Los cuentos de Nada contra qué chocar (La parte maldita, 2017), de Jorge Abel Muñoz, crea un clima cargado de tensiones: el lector se enfrenta a escenarios con ciertos guiños humorísticos que, sin embargo, descubren miserias humanas en aquellos lugares donde otros no hubieran buscado. Con un manejo fluido de la prosa y un hábil pasaje entre personajes de distintas edades, el autor captura con versatilidad momentos determinantes en la vida cotidiana, de los que suceden cuando nadie parece estar mirando.
Sobre el autor
Jorge Abel Muñoz se formó en los talleres de Guillermo Saccomanno, Liliana Heker y Juan Forn. Sus cuentos y proyectos literarios han sido finalistas en varios concursos nacionales. Es Redactor Creativo y docente de Creatividad aplicada y de Concepto de Marcas en la Escuela Superior de Creativos Publicitarios. Actualmente realiza una Maestría en Escritura Creativa en la Universidad Nacional Tres de Febrero (UNTREF) y escribe su primera novela. Nada contra qué chocar, su primer libro publicado, obtuvo en 2016 en la categoría cuento, el Premio del Régimen de Fomento a la Creación Literaria que otorga el Fondo Nacional de las Artes.
Lo que pasa donde no se mira
Descubrir la materia prima con la que amasar una historia no siempre es tarea fácil, pero Jorge Abel Muñoz parece haberla encontrado en aquellos momentos que, aunque breves, pueden resultar determinantes. Los cuentos de Nada contra qué chocar (La parte maldita 2017) van en esa dirección: capturan lo que sucede en tan solo unas pocas horas o minutos, como si se tratase del ojo de una cámara que sigue de cerca a los personajes, encontrando en la cotidianedad situaciones sencillas pero con aristas filosas.
Con una prosa fluida, por momentos poética, y sin descuidar los detalles, el autor logra retratos visuales de las escenas y de los personajes, intercalando con habilidad las dosis justas de descripción y acción. Pueden leerse, por ejemplo, frases como: «El copiloto lo mira de reojo. El sol cayendo marca el horizonte. Oscurece de a poco, los arbustos y el pasto se van convirtiendo en siluetas planas. El perfil de frito ahí, reconocible hasta que abre la boca y empieza la prédica de su nueva vida».

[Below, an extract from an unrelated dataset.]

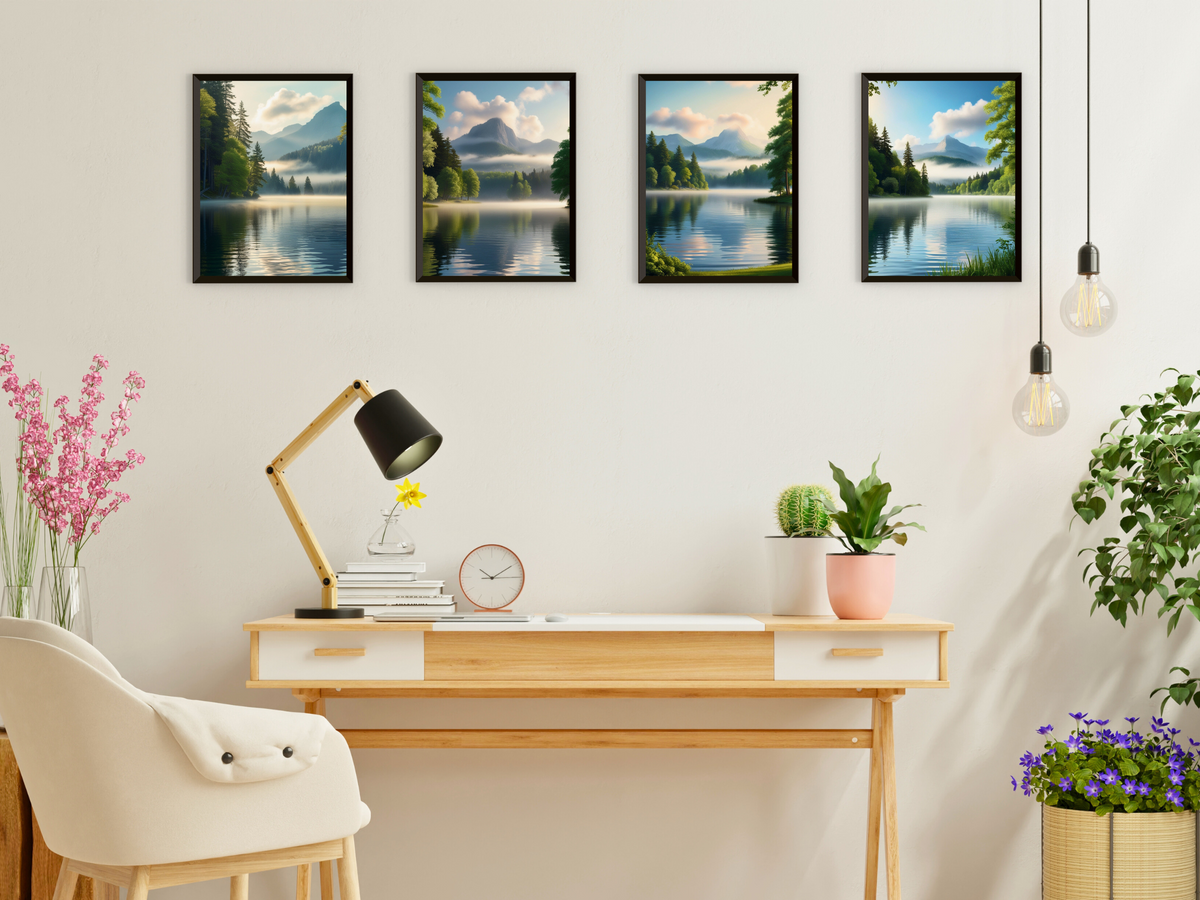 Landschaft-Wald-See - Frühling, Sommer, Herbst, Winter - Bundle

De esta forma, sin la necesidad de prolongar demasiado el relato, Muñoz crea un clima que se va cargado de una sensación extraña: una tensión se forma en el aire, pero siempre teñida de ciertos guiños humorísticos que enfrentan al lector con una contradicción interna. Lo que se ensaya es así una risa con sabor amargo, que en pocas líneas y casi naturalmente, se transforma en un un momento de desasosiego al dejar latentes miedos, inseguridades, angustias e ironías. Un aire tragicómico construido de forma minuciosa al explotar rasgos sutiles que pueden significar una diferencia profunda entre estados de ánimo o el curso mismo de la historia.
El mosaico de personajes habla también de la versatilidad del autor: cada uno de ellos posee rasgos e identidades bien definidas. Incluso en unas pocas líneas, el texto despliega el espacio necesario para ir presentando a cada uno de ellos, creando descripciones potentes y retratos certeros que generan una idea visual en la mente del lector todo lo que dure el cuento. Ya sea un chico atravesando una desilusión amorosa en el patio de un colegio o un empleado que se enfrenta al destrato de un jefe manipulador, Muñoz ofrece voces realistas, logrando un pasaje espontáneo de una a otra e ingresando en el mundo adulto e infantil en igual medida.
Nada contra qué chocar se posa entonces sobre esos recortes de la vida que para muchos podrían pasar desapercibidos, pero que señalan momentos claves que ponen el foco donde molesta. La incomodidad de la reflexión sobre las propias miserias es quizás uno de los ejes de este libro, que sutilmente y casi de la misma forma que con los personajes, deja al lector suspendido en una especie de vacío ante cada nuevo final, sin una red que lo contenga.